Below is a set of records; print all of them exactly as written.

________

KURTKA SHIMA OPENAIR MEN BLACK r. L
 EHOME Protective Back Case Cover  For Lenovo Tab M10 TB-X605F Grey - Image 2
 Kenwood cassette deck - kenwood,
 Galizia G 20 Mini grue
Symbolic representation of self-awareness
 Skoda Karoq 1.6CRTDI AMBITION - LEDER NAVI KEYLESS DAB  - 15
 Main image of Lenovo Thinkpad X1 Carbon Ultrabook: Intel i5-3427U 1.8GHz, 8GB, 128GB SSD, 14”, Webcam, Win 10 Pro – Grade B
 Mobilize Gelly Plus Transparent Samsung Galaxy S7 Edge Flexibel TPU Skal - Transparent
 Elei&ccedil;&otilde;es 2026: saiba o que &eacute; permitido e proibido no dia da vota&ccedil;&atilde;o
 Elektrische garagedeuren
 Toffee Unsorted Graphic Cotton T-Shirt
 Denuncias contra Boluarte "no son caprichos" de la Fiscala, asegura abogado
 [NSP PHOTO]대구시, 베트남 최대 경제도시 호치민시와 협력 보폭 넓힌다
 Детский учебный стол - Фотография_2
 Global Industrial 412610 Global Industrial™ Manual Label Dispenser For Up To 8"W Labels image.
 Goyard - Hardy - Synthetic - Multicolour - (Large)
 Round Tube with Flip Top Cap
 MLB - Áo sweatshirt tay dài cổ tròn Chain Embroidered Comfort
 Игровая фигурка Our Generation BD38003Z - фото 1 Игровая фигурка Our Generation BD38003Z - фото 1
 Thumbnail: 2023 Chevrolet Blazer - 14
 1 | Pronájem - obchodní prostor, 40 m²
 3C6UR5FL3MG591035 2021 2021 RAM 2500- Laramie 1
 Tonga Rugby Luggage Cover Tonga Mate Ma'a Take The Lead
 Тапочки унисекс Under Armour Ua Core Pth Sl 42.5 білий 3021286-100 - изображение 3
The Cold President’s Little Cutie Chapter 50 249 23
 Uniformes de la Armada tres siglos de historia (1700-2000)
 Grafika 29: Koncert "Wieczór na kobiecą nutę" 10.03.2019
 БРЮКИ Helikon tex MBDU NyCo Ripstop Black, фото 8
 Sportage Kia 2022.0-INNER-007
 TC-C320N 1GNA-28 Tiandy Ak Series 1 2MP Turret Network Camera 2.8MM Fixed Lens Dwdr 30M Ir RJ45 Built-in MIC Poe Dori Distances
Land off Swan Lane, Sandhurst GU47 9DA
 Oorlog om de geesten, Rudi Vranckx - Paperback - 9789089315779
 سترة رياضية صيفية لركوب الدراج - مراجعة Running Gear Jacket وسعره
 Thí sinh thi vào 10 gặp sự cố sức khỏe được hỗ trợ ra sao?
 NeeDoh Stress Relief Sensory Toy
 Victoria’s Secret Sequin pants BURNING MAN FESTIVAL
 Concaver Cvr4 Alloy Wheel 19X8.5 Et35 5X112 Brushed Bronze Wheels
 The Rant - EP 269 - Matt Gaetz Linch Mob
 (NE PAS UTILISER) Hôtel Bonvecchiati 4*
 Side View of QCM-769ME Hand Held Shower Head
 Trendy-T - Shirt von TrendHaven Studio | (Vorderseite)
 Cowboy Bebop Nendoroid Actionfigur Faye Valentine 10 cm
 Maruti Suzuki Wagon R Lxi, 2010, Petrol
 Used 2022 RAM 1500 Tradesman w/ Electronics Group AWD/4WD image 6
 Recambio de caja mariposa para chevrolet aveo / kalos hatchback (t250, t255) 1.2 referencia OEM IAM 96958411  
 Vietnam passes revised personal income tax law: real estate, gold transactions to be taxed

________

__Solution for this problem__.
KURTKA SHIMA OPENAIR MEN BLACK r. L
 EHOME Protective Back Case Cover  For Lenovo Tab M10 TB-X605F Grey - Image 2
 Kenwood cassette deck - kenwood,
 Galizia G 20 Mini grue
Symbolic representation of self-awareness
 Skoda Karoq 1.6CRTDI AMBITION - LEDER NAVI KEYLESS DAB  - 15
 Main image of Lenovo Thinkpad X1 Carbon Ultrabook: Intel i5-3427U 1.8GHz, 8GB, 128GB SSD, 14”, Webcam, Win 10 Pro – Grade B
 Mobilize Gelly Plus Transparent Samsung Galaxy S7 Edge Flexibel TPU Skal - Transparent
 Elei&ccedil;&otilde;es 2026: saiba o que &eacute; permitido e proibido no dia da vota&ccedil;&atilde;o
 Elektrische garagedeuren
 Toffee Unsorted Graphic Cotton T-Shirt
 Denuncias contra Boluarte "no son caprichos" de la Fiscala, asegura abogado
 [NSP PHOTO]대구시, 베트남 최대 경제도시 호치민시와 협력 보폭 넓힌다
 Детский учебный стол - Фотография_2
 Global Industrial 412610 Global Industrial™ Manual Label Dispenser For Up To 8"W Labels image.
 Goyard - Hardy - Synthetic - Multicolour - (Large)
 Round Tube with Flip Top Cap
 MLB - Áo sweatshirt tay dài cổ tròn Chain Embroidered Comfort
 Игровая фигурка Our Generation BD38003Z - фото 1 Игровая фигурка Our Generation BD38003Z - фото 1
 Thumbnail: 2023 Chevrolet Blazer - 14
 1 | Pronájem - obchodní prostor, 40 m²
 3C6UR5FL3MG591035 2021 2021 RAM 2500- Laramie 1
 Tonga Rugby Luggage Cover Tonga Mate Ma'a Take The Lead
 Тапочки унисекс Under Armour Ua Core Pth Sl 42.5 білий 3021286-100 - изображение 3
The Cold President’s Little Cutie Chapter 50 249 23
 Uniformes de la Armada tres siglos de historia (1700-2000)
 Grafika 29: Koncert "Wieczór na kobiecą nutę" 10.03.2019
 БРЮКИ Helikon tex MBDU NyCo Ripstop Black, фото 8
 Sportage Kia 2022.0-INNER-007
 TC-C320N 1GNA-28 Tiandy Ak Series 1 2MP Turret Network Camera 2.8MM Fixed Lens Dwdr 30M Ir RJ45 Built-in MIC Poe Dori Distances
Land off Swan Lane, Sandhurst GU47 9DA
 Oorlog om de geesten, Rudi Vranckx - Paperback - 9789089315779
 سترة رياضية صيفية لركوب الدراج - مراجعة Running Gear Jacket وسعره
 Thí sinh thi vào 10 gặp sự cố sức khỏe được hỗ trợ ra sao?
 NeeDoh Stress Relief Sensory Toy
 Victoria’s Secret Sequin pants BURNING MAN FESTIVAL
 Concaver Cvr4 Alloy Wheel 19X8.5 Et35 5X112 Brushed Bronze Wheels
 The Rant - EP 269 - Matt Gaetz Linch Mob
 (NE PAS UTILISER) Hôtel Bonvecchiati 4*
 Side View of QCM-769ME Hand Held Shower Head
 Trendy-T - Shirt von TrendHaven Studio | (Vorderseite)
 Cowboy Bebop Nendoroid Actionfigur Faye Valentine 10 cm
 Maruti Suzuki Wagon R Lxi, 2010, Petrol
 Used 2022 RAM 1500 Tradesman w/ Electronics Group AWD/4WD image 6
 Recambio de caja mariposa para chevrolet aveo / kalos hatchback (t250, t255) 1.2 referencia OEM IAM 96958411  
 Vietnam passes revised personal income tax law: real estate, gold transactions to be taxed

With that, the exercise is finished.